Encore un mot — bien délicat — sur ce coin si curieux du Paris qui s’en va ; du côté de la rue de Valois, à un étage bas, l’entresol au-dessus du premier, chose unique et vraie pourtant, dans cette maison toute pleine de l’incessante activité des petites industries parisiennes, on pouvait remarquer des rideaux très blancs, trop blancs, relevés d’une façon provocante ou provocatrice, comme il vous plaira, par des rubans ponceau ou bleu de ciel.

C’est là qu’allaient se reposer un instant les respectables vieillards qui avaient fait les cent pas dans la galerie d’Orléans, en quête d’un minois de bonne composition.

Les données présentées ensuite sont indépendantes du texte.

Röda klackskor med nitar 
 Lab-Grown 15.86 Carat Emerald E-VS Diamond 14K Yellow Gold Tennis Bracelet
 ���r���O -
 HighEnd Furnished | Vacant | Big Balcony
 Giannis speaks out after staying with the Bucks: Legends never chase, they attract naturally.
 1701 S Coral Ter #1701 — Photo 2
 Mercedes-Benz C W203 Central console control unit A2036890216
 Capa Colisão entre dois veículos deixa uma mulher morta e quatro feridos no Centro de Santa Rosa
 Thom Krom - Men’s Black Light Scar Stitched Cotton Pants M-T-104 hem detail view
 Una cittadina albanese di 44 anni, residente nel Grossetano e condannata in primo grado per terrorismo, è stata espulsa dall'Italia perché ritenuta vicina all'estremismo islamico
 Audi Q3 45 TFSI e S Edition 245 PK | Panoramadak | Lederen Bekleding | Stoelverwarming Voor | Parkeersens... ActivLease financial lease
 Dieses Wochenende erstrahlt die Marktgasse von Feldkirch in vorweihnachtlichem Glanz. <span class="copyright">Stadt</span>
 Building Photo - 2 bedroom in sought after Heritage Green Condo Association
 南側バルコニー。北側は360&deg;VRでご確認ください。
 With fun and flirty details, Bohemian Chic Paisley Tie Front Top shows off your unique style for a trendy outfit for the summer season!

De jeunes nymphes en chemises de soie rose leur rappelaient, par une conversation animée ou par une chanson de gestes, les souvenirs lointains des galeries de bois, disparues depuis longtemps, et lorsque la dernière locataire en était partie, elle était venue se réfugier là, emportant avec elle sa clientèle favorite et voilà comme cette maison de commerce, aussi tolérante que tolérée, s’était transmise de mains en mains jusqu’à nos jours et comment les derniers vestiges des galeries de bois vont enfin disparaître du Palais-Royal.

Comme on sait que la vertu fait de grands progrès en ce moment, personne ne s’en plaindra.

Avec ses doubles escaliers, ses portes basses et dissimulées à mi-flanc des étages, cette diable de maison était parfois cruelle aux octogénaires, coureurs d’aventure, ils se trompaient d’escalier et les appels désespérés se faisaient entendre de l’autre côté de la rampe circulaire, mais il fallait redescendre, puis remonter, quel supplice pour ces derniers représenlants d’une époque disparue.

Tout passe, tout lasse, tout casse, ainsi les vieux souvenirs, l’amour à l’heure ou à la course, les traces de plusieurs générations de travailleurs, tout va disparaître sous les coups redoublés des maçons et la Banque de France remplacera par son travail méthodique et régulier de grande administration moderne tout ce fouillis de vices et de vertus, d’orgies et de labeurs ignorés que j’ai voulu fixer, ici, en cette courte notice nécrologique, pendant qu’il en est temps encore.